# Canon 6D vs 60D Test



## rigradio (Dec 24, 2014)

Hi guys,

I did a test to my Canon 6D & 60D both in* Live View* using a *Canon TS-E 24mm II*.
Setting:* AV Priority Mode*, *Evaluate Metering* 

*On 6D:* turn on the Live View Button -> press the Zoom Button and the AF Zone (white rectangle) appears.
When I move the AF Zone using Directional Button, the shutter speed *not change* _-> the same if we set to Center Weight Metering_.

*On 60D:* turn on the Live View Button -> AF Zone automatically appears, *no need* to press the Zoom Button. 
When I move the AF Zone using Directional Button, the shutter speed *change*.

Does anyone can explain what is the mechanical differences in the 6D & 60D body so the different behaviour happen?

Thank you


----------



## Marsu42 (Dec 24, 2014)

rigradio said:


> I did a test to my Canon 6D & 60D both in* Live View* using a *Canon TS-E 24mm II*.
> Setting:* AV Priority Mode*, *Evaluate Metering*



Fyi: Your metering setting doesn't matter in live view - the mirror is flipped up, and your phase metering system is blind. That's why the camera says "this function isn't available in lv" if you press the metering buttion :->

The camera meters simply according to its firmware, and that'll be different 60d vs. 6d. For best results, do yourself a favor and use Magic Lantern with auto-ettr...

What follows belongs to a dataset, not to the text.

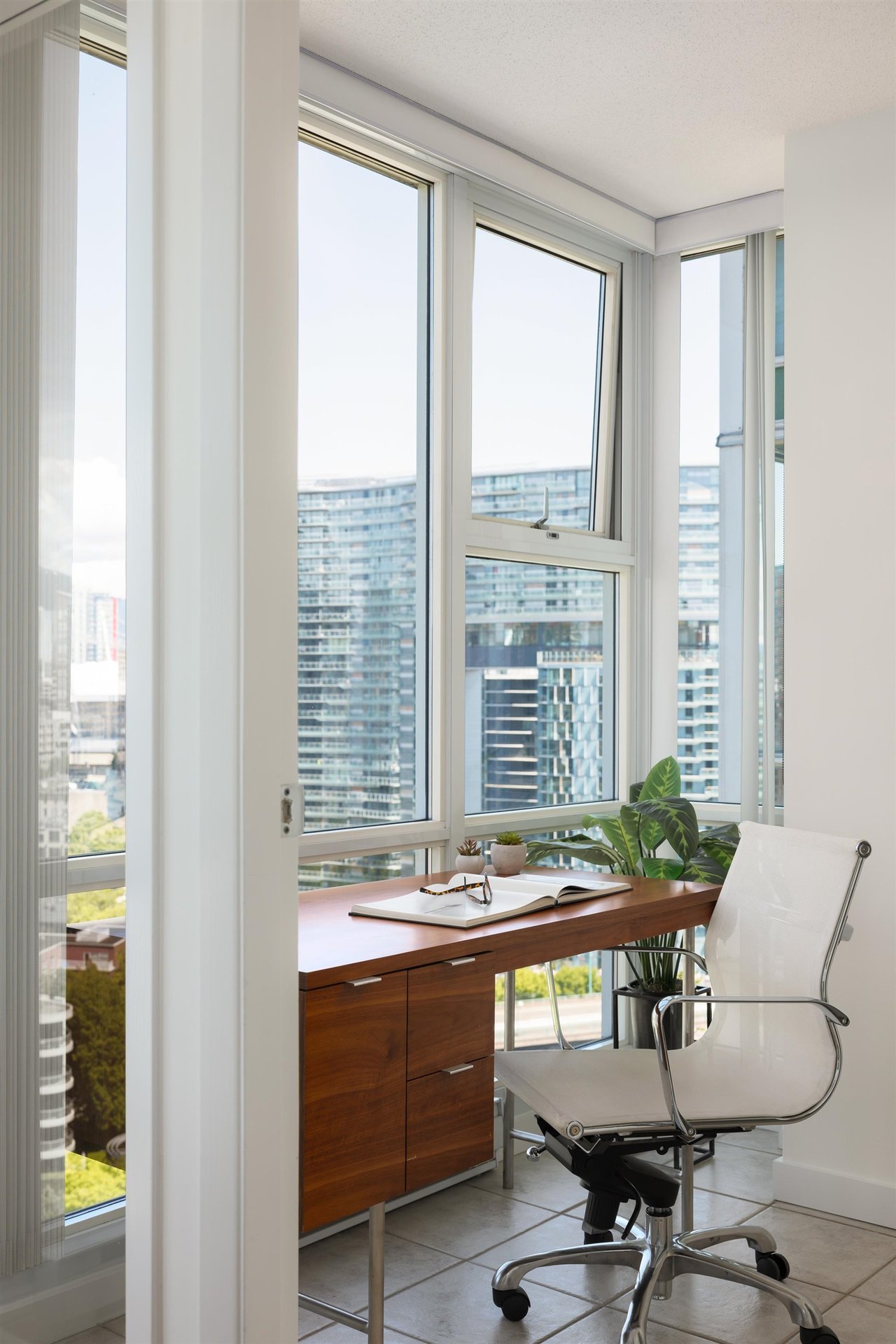 2106-1077 Marinaside Cres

Note: Superheroes don't use live view to take pictures :->


----------



## rigradio (Dec 24, 2014)

Marsu42 said:


> Fyi: Your metering setting doesn't matter in live view - the mirror is flipped up, and your phase metering system is blind. That's why the camera says "this function isn't available in lv" if you press the metering buttion :->



Only on 60D, you still can change the metering mode on 6D even in live view


----------



## Mt Spokane Photography (Dec 24, 2014)

The shutter may be changing on the 60D due to its smaller angle of view, the metering comes from the sensor and its focused on a smaller area than the 6D, assuming you have the cameras side by side withy the same lens.

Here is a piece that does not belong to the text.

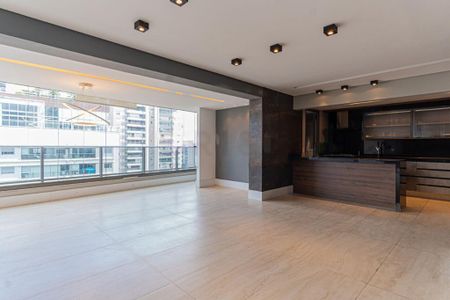 Apartamento à venda com 131m², 3 quartos e sem vaga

There is little we can do to help without knowing the exact setup, what the subject is, how its lit, all these things and more can make a difference between crop and FF.


----------



## rigradio (Dec 25, 2014)

Mt Spokane Photography said:


> There is little we can do to help without knowing the exact setup, what the subject is, how its lit, all these things and more can make a difference between crop and FF.



Thanks for the response.
It was a sunrise with high dynamic range scene.

Cheers


----------